Conflict resolution boss urges women involvement

 

Director-General, Institute for Peace and Conflict Resolution (IPCR), Prof. Oshita O. Oshita, has restated the need for proper streamlining of gender roles and synergy into “Nigeria’s peace and security architecture, to enable peace and progress.”
Oshita stated this in his keynote address yesterday at a conference on “All-Nigeria Women Leaders on Peace Building and Conflict Resolution: Peace in Nigeria, a Collective Responsibility,” organised by the Centre for Gender Studies International (CGSI) in Abuja.
Represented by the Head, Gender, Peace Resolution and Security, Mrs. Grace Audu, he said “there is a need to assign the role of coordinating body to arrive at systematic and envisaged outcomes, in order to bridge existing gaps in peace processes.”

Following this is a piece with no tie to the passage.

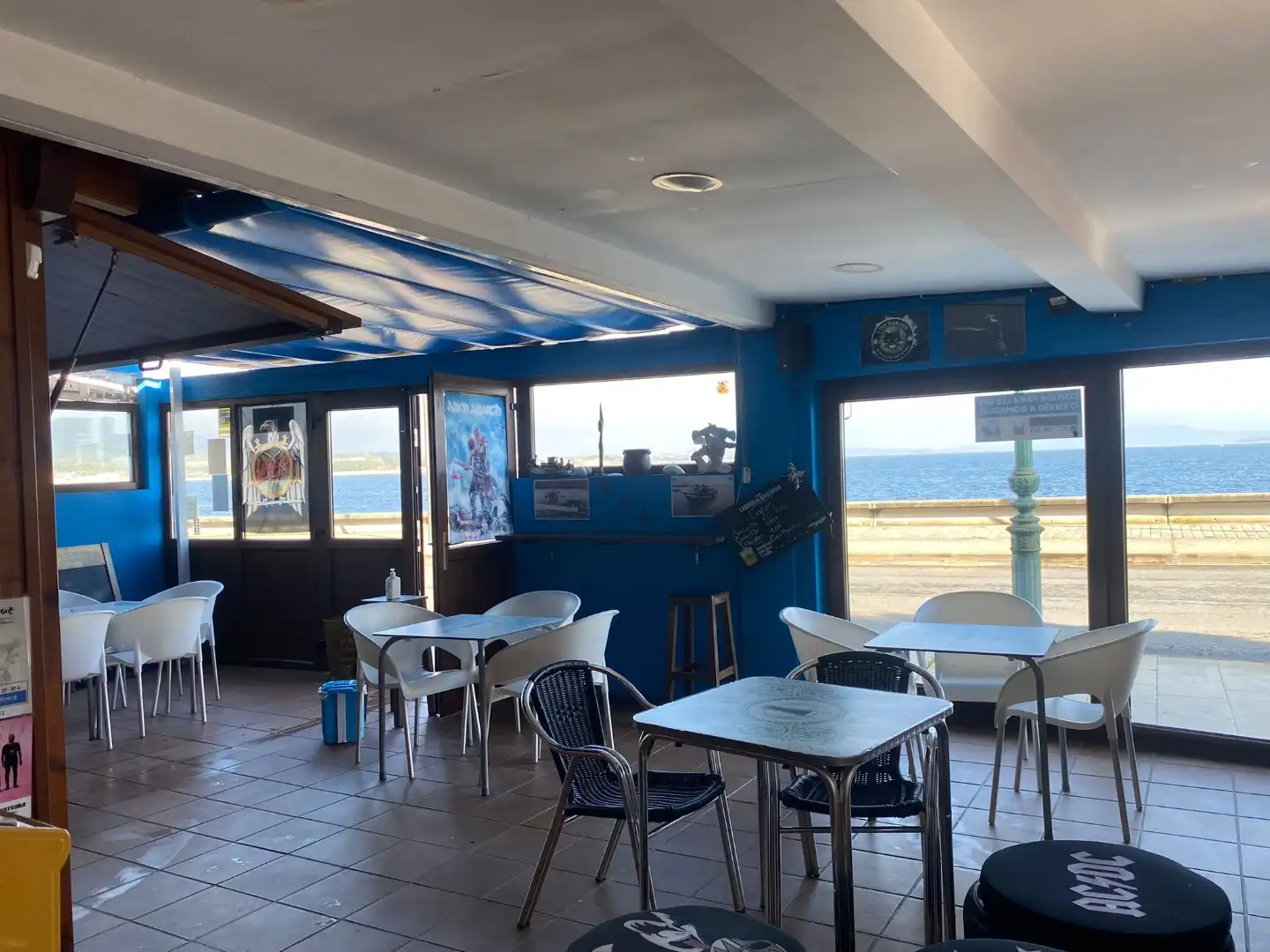 Local en venta en Ribeira con Terraza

“Recognising the importance that women play in conflict resolution and peace building especially at the informal levels, the UN in the year 2000 adopted a political framework, the United Nations Security Council Resolution (UNSC 1325), to bring women to the leadership and decision making levels in peace processes.

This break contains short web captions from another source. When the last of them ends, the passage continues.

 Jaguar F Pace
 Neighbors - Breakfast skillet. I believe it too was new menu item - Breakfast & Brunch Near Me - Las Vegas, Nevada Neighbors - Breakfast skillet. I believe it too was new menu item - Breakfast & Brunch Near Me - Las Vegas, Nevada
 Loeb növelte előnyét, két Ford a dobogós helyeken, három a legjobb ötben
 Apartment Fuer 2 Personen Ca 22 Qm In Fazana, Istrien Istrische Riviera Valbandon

“It also acknowledges that women are more and differently impacted by conflict from men and, therefore, mandated member countries to integrate gender perspectives in all aspects of peace building,” he said.
Oshita noted that the country began the “process of domesticating the UN resolutions by developing a National Action Plan (NAP), including the National Gender Policy (NGP) and the Convention on the Elimination of All Forms of Discrimination Against Women (CEDAW),” adding, however, that “it seems that the goal of the UNSCR 1325 is still far-fetched.”
He, therefore, charged stakeholders to “engage with issues inhibiting the adequate promotion of peace in Nigeria that needed answers,” urging them to “come up with action points for next steps to be taken.”
Representing the National Orientation Agency (NOA) at the Conference, Mrs. Theresa Maduekwe said “for peace to reign in Nigeria, citizens must embrace African values of respect for one another, and communal living where everyone is their brother’s keeper.”
In her welcome address, the Convener, Executive Secretary of the CGSI and former Commissioner for Women Affairs in Imo state, Mrs. Nma Love Onyechere, decried the “lack of adequate commitment to security issues especially as it affects women and girls, by women leaders in the country.”